George Goehl is a radical community organizer and “Occupy-movement guru” who currently serves as the executive director for the controversial network of left-wing organizing groups, National People’s Action (NPA). Under Goehl’s leadership, NAP utilized mob intimidation tactics to bully executives, government officials, and others whose policies the organization disliked.
Despite the fact that he has made a career out of demonizing the so-called 1%, Goehl earns more than twice the median household income in Chicago. While twenty-two percent of Chicagoans live below the poverty line, Goehl lives it up in a neighborhood littered with million dollar homes.
Once a “hungry young drifter” dependent on a soup kitchen for assistance, Goehl rose quickly through the progressive organizing ranks. Goehl first became active in community agitation when he founded the Coalition of Low-Income and Homeless Citizens.
Shel Trapp, a Chicago-based organizer and a disciple of Saul Alinsky (the founder of modern community organizing) took notice of Goehl’s work and brought him into NPA. Under Trapp’s leadership, NPA activists stalked their opponents at their homes, the homes of their parents, their work, and everywhere in between. Trapp found the practice to be “great, effective fun.”
Goehl studied the commandments of Chicago-style community organizing under Trapp, and set out to recruit new members to join Blocks Together, an allied organization of National People’s Action— his first hands-on experience with NPA’s multi-state network of community groups founded in 1972 by Trapp and Gale Cincotta.
As Goehl grew into his radical surroundings, he became frustrated with Alinsky-style organizing. The tactics of Alinsky, the man who famously claimed that he’d rather go to hell than heaven—that way he could be with people like him, were apparently not radical enough for Goehl.
Since returning to NPA, Goehl has worked to protest the Obama administration for deporting illegal immigrants, utilized dangerous tactics to terrify his opponents and their families, and organized the anarchist Occupy Wall Street movement— the mass sit-in whose members were responsible for assaulting police officers and hurting small businesses. Goehl worked to organize Occupy events around the country and created the “99 Percent Spring,”an organization built to train 100,000 additional agitators to spread the Occupy movement around the country.
Under the leadership of Goehl, NPA has focused on intimidating its opponents. Goehl not only endorses these actions, but has led dangerous protests onto the doorsteps of his enemies, targeting them and their families at their own homes.
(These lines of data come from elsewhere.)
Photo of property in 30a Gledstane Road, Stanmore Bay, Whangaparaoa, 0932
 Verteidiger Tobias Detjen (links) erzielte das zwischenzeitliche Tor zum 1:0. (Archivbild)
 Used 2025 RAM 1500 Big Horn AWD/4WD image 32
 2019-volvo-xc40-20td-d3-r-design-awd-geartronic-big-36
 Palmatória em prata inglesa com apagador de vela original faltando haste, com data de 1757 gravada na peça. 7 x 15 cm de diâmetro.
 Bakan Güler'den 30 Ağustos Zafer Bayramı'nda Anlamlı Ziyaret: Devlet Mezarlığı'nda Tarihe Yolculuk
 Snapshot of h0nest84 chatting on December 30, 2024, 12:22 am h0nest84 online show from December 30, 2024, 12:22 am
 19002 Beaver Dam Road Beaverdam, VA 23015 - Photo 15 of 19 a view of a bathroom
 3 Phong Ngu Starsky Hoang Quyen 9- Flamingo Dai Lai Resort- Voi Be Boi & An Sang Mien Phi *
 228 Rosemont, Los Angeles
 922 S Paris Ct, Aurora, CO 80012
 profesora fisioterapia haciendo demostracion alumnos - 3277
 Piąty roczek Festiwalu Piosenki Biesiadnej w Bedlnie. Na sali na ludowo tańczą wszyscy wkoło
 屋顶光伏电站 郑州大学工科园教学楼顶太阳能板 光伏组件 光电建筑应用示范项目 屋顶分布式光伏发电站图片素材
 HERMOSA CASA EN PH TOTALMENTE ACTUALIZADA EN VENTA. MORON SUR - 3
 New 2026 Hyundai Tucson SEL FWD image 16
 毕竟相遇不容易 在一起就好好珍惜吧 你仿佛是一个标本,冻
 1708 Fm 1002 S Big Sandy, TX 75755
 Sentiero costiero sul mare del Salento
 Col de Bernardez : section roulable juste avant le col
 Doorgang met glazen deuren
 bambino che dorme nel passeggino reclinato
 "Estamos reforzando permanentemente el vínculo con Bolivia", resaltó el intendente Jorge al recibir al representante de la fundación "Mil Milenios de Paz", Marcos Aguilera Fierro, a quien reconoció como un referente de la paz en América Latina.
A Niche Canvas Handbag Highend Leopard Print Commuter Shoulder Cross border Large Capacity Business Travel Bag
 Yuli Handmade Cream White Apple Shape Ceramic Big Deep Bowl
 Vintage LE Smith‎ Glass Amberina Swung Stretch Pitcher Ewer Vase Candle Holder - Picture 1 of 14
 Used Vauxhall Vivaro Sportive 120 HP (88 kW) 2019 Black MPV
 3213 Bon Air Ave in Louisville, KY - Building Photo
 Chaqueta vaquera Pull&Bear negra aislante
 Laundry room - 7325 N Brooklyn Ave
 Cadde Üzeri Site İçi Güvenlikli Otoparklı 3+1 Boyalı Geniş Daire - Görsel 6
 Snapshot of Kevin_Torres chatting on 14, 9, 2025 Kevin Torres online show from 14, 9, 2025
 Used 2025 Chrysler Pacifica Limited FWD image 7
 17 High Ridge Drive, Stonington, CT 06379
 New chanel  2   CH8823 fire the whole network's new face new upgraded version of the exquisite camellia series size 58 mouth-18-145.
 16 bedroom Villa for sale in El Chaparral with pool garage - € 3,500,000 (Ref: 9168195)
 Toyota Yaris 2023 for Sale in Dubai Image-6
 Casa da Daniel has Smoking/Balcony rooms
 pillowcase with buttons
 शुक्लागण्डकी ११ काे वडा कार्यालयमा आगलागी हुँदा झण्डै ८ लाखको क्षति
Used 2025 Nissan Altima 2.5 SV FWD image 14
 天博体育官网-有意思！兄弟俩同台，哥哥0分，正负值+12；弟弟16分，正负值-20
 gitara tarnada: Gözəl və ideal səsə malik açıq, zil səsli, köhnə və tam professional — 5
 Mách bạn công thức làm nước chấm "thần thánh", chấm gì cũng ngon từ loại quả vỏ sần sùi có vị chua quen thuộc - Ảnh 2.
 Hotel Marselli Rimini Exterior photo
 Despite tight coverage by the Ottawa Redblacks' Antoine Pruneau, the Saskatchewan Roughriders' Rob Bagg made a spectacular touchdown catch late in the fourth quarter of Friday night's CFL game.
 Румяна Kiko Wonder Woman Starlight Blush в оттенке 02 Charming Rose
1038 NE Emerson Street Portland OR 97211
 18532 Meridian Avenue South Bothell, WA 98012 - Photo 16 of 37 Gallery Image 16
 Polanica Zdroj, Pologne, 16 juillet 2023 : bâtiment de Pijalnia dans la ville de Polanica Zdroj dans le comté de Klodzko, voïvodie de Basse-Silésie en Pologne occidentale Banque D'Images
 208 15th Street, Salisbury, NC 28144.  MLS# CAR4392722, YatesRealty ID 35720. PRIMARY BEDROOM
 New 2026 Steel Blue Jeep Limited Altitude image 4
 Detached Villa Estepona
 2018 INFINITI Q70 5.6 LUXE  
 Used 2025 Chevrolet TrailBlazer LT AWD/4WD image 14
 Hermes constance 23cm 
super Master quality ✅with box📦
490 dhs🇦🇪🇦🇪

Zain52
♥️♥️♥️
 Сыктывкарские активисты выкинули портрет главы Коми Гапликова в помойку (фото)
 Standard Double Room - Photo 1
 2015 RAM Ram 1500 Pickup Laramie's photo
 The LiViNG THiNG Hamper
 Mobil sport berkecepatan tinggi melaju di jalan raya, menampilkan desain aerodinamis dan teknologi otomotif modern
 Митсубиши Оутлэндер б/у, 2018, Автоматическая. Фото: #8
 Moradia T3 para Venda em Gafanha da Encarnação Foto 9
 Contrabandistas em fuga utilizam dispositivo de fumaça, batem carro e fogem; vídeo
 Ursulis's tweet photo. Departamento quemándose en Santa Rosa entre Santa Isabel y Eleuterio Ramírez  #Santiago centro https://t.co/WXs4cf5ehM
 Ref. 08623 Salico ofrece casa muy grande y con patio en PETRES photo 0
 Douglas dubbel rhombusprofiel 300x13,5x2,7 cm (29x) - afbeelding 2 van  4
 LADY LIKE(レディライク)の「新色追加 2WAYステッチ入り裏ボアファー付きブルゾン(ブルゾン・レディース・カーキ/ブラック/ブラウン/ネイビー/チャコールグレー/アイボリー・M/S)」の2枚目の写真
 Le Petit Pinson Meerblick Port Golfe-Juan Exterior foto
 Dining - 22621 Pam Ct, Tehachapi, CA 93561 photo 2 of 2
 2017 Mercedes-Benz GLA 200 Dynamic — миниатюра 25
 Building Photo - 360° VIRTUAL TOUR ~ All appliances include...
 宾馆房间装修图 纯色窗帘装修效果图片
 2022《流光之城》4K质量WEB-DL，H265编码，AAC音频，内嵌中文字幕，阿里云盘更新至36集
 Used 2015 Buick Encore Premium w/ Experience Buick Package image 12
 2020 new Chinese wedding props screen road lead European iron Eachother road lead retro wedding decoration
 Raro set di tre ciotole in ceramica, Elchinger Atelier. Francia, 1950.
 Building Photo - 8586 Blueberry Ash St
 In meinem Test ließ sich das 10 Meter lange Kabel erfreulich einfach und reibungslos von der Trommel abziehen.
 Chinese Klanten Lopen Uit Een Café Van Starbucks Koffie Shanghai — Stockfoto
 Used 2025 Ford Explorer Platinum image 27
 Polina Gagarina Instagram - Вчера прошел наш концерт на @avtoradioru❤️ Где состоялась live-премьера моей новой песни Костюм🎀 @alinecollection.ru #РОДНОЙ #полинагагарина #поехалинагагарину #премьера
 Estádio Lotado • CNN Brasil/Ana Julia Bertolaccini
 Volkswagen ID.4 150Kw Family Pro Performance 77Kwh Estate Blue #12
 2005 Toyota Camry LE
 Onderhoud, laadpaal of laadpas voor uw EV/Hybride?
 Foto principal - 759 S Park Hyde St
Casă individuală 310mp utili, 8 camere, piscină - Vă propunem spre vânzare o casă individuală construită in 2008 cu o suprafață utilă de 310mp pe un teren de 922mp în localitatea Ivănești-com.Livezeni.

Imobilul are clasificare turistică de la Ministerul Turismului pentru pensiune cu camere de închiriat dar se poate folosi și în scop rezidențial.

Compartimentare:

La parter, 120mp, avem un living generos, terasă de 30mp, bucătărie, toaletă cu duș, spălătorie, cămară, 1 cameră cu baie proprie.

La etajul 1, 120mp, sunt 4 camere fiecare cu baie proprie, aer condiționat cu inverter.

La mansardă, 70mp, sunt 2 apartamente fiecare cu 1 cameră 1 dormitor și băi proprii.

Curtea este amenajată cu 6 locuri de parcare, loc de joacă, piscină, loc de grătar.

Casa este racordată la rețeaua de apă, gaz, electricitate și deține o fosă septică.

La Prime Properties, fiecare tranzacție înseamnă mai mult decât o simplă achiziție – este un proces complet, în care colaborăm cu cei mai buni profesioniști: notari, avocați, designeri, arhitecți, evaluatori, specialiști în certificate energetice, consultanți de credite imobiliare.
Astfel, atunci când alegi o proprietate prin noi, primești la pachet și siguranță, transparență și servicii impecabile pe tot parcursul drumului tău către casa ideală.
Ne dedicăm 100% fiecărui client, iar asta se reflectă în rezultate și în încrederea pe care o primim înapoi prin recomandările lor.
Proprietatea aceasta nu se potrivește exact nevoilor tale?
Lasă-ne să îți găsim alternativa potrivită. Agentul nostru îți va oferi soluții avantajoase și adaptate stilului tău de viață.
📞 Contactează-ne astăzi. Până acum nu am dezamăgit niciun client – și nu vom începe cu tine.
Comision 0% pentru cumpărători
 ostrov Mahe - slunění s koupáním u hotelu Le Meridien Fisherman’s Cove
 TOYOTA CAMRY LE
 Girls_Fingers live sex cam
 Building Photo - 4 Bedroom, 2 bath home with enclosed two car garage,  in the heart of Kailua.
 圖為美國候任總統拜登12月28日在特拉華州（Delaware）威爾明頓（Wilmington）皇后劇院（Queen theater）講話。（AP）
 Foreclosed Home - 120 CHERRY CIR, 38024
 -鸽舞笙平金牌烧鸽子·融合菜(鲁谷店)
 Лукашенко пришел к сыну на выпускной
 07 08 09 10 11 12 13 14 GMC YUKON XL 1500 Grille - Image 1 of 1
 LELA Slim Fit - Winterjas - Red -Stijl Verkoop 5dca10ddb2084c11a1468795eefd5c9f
A notable example of this occurred in May 2010, when a Goehl-sactioned protest included roughly 500 NPA and Service Employees International Union (SEIU) activists who poured onto the lawn of Greg Baer, deputy general counsel for corporate law at Bank of America. The agitators marched onto his porch—waving signs and condemning him for his “greed.” Their actions so terrified the only member of the Baer family home at the time, Baer’s teenage son, that he was forced to lock himself in a bathroom and wait for help. When Baer arrived home, he had to fight through the mob of protestors just to get inside his home and ensure his son was safe.
Baer’s neighbor, Fortune Magazine writer Nina Easton, reported that the assault on Baer was only one of the group’s targets for the day; Goehl and the rest of the activists then packed into 14 school buses and moved on to repeat their tactics at the home of JP Morgan executive Peter Scher.
Two years after the protest of Baer, Goehl led more than 1,000 people in a protest at Treasury Secretary Tim Geithner’s suburban home to demand that he and the Obama administration support a financial speculation tax on banks. Again, Goehl and his mob blocked traffic and intimidated an entire neighborhood to try and get their way.